Several limitations should be mentioned. We only included 2 studies, while there have been more studies conducted dealing with the research question of decay of pertussis-specific antibodies; however, we provided for the first time estimates for the half-life of vaccine-induced maternal antibodies in preterm infants. Furthermore, as all women were vaccinated with the same vaccine, we cannot generalize our results for different vaccines. The 2 studies also differed in the assays used to quantify the antibody titers, while with the LR approach we get rid of the potentially introduced variability due to assays as we used only within-person changes. In our study, we only knew the IgG antibody titer, with no further information on the specific subclasses. Knowing the IgG-subclass distribution would be beneficial for further insight, for example to discuss whether the IgG-subclass distribution contributes to the differences in half-life. The sample sizes for the preterm study group and some stratifications are very small, which is reflected in the width of the CIs given with the point estimates. We should therefore be caution when generalizing about the kinetics in infants. Additionally, the way we treated samples below the LLOD might introduce a bias in the estimates, while there were only few samples below the LLOD.
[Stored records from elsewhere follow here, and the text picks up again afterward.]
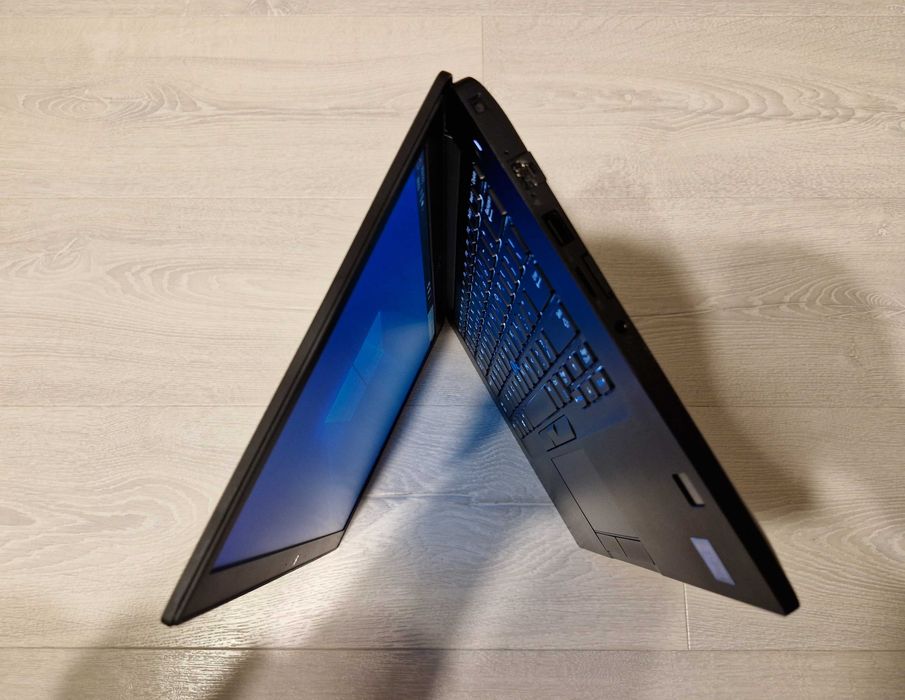 Dell Latitude 7490 i7-8650U 4G LTE 16GB DDR4 256GB SSD Windows 11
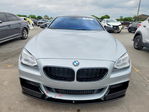 BMW Series 6 2015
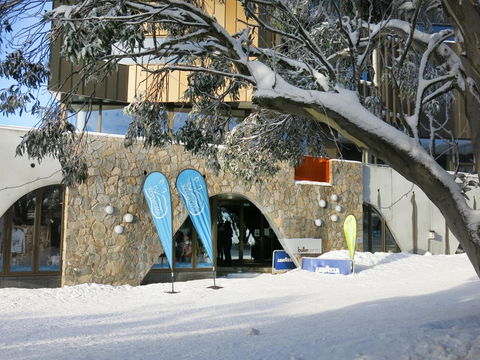 Buller Central Hotel - Accommodation Cooktown 8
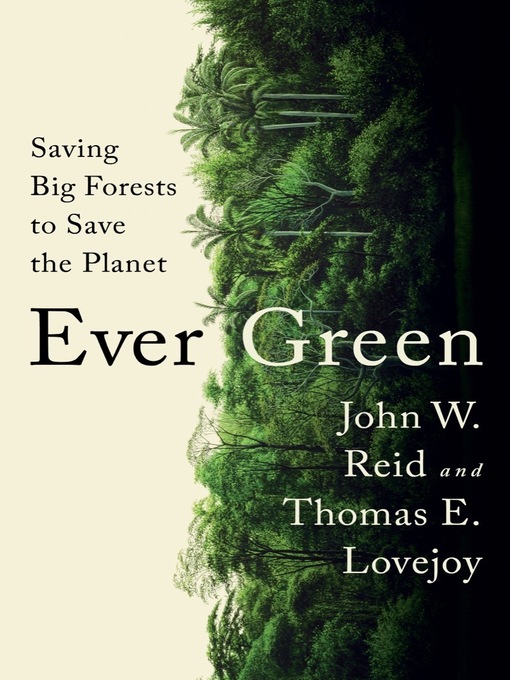 Cover Image of Ever green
When determining the optimal start of an immunization program in infants after maternal vaccination, the decay of maternal antibodies should be considered, in addition to other important aspects. Individual vaccination schedules are difficult to implement, especially because there are other, unanalyzed and important antigens (tetanus, diphtheria) included in vaccines and changing the vaccination schedule might not be feasible or safe. The 2 approaches we took to determine the half-life and explore potential factors influencing the half-life only showed marginal differences, with both having advantages and disadvantages. Preterm-born infants, which usually start with a lower antibody titer compared to term-born infants, showed a decreased decay speed compared to term-born infants.
Supplementary Data
Supplementary materials are available at The Journal of Infectious Diseases online. Consisting of data provided by the authors to benefit the reader, the posted materials are not copyedited and are the sole responsibility of the authors, so questions or comments should be addressed to the corresponding author.
Notes
Acknowledgments. The authors thank all participating women and children for providing their blood samples.
Financial support. This work was supported by a bilateral project of the Austrian Science Fund (grant number I 6376-B) and the Research Foundation—Flanders (FWO; grant number G004723N). MATAB 5 was supported by the Thrasher Research Fund (grant number EWAT 12348); MATAB 6 was supported by the FWO (grant number G064015N). An unrestricted grant from Sanofi Pasteur was received for the laboratory analysis of the samples. Funding to pay the Open Access publication charges for this article was provided by Austrian Academic Library Consortium (Kooperation E-Medien Österreich).
References
Author notes
Presented in part: 31st International Biometric Conference, July 2022, Riga, Latvia.
Potential conflicts of interest. All authors: No reported conflicts. All authors have submitted the ICMJE Form for Disclosure of Potential Conflicts of Interest. Conflicts that the editors consider relevant to the content of the manuscript have been disclosed.